WASHINGTON: Donald Trump a déclaré lundi sur son réseau Truth Social que les Etats-Unis allaient réclamer des "compensations" pour des attaques menées par l'Iran depuis des décennies contre des adversaires à l'étranger ou contre des manifestants sur son sol.

Le président américain a assuré que cette demande serait faite "fermement" dans toute négociation, en réponse à une exigence de longue date des autorités iraniennes, qui conditionnent tout accord sur le détroit d'Ormuz au versement de réparations américaines.

L'Iran "demande des compensations pour les dommages qu'ils ont subis pendant les cinq mois de conflit militaire", a écrit Donald Trump, "bien que cela n'ait jamais été évoqué dans aucune de nos négociations ou réunions."

"Mais c'est une idée intéressante parce que, de la même manière, je demande moi aussi des compensations à l'Iran, pour tous les gens qu'ils ont tués et blessés" dans des attaques et "conflits", dont "les familles de ceux tués sur l'USS Cole", un navire de guerre américain frappé par un attentat meurtrier en 2000 au Yémen, a ajouté le milliardaire républicain.

Donald Trump a ajouté que "des compensations devraient être versées pour les familles des centaines de milliers de manifestants innocents que l'Iran a tués ces dernières cinquante années, sans même parler des 52.000 tués ces cinq derniers mois".

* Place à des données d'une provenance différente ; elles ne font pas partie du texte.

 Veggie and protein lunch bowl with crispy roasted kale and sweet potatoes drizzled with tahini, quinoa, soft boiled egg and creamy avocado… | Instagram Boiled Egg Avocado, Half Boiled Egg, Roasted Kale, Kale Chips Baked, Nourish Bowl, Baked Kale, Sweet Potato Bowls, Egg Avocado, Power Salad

Un peu plus tard, dans une autre publication, le président octogénaire a jugé que l'Iran devait être tenu "responsable des dégâts et morts causés au Liban, en Syrie, au Yémen et à Gaza".

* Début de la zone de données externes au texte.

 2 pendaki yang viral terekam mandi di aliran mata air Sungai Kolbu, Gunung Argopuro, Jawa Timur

Ces nouvelles exigences de l'imprévisible dirigeant américain risquent de mettre hors de portée un accord rapide sur le détroit d'Ormuz, qui paraissait déjà bien improbable alors que l'Iran exige de son côté l'acceptation par Washington de "toutes" ses conditions.

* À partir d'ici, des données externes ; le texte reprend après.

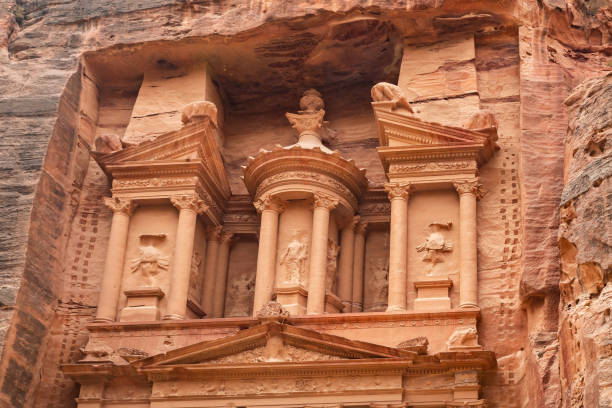 la parte superior de la fachada principal de al khazneh, el templo nabateo en el reino nabateo de petra en la ciudad de wadi musa en jordania - siq al barid fotografías e imágenes de stock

Téhéran juge que les Etats-Unis doivent "mettre fin définitivement à la guerre et à l'agression" contre l'Iran et ses alliés, y compris au Yémen et en Irak, lever leur blocus des ports iraniens, "indemniser intégralement l'Iran pour les dommages causés" par les hostilités, lever les sanctions contre l'économie et débloquer "sans condition" les avoirs iraniens gelés.

Dimanche, Donald Trump a laissé entendre qu'il n'avait besoin d'engager ni une offensive militaire majeure ni un effort diplomatique particulier, en assurant qu'il lui suffisait d'"observer" les difficultés économiques de l'Iran.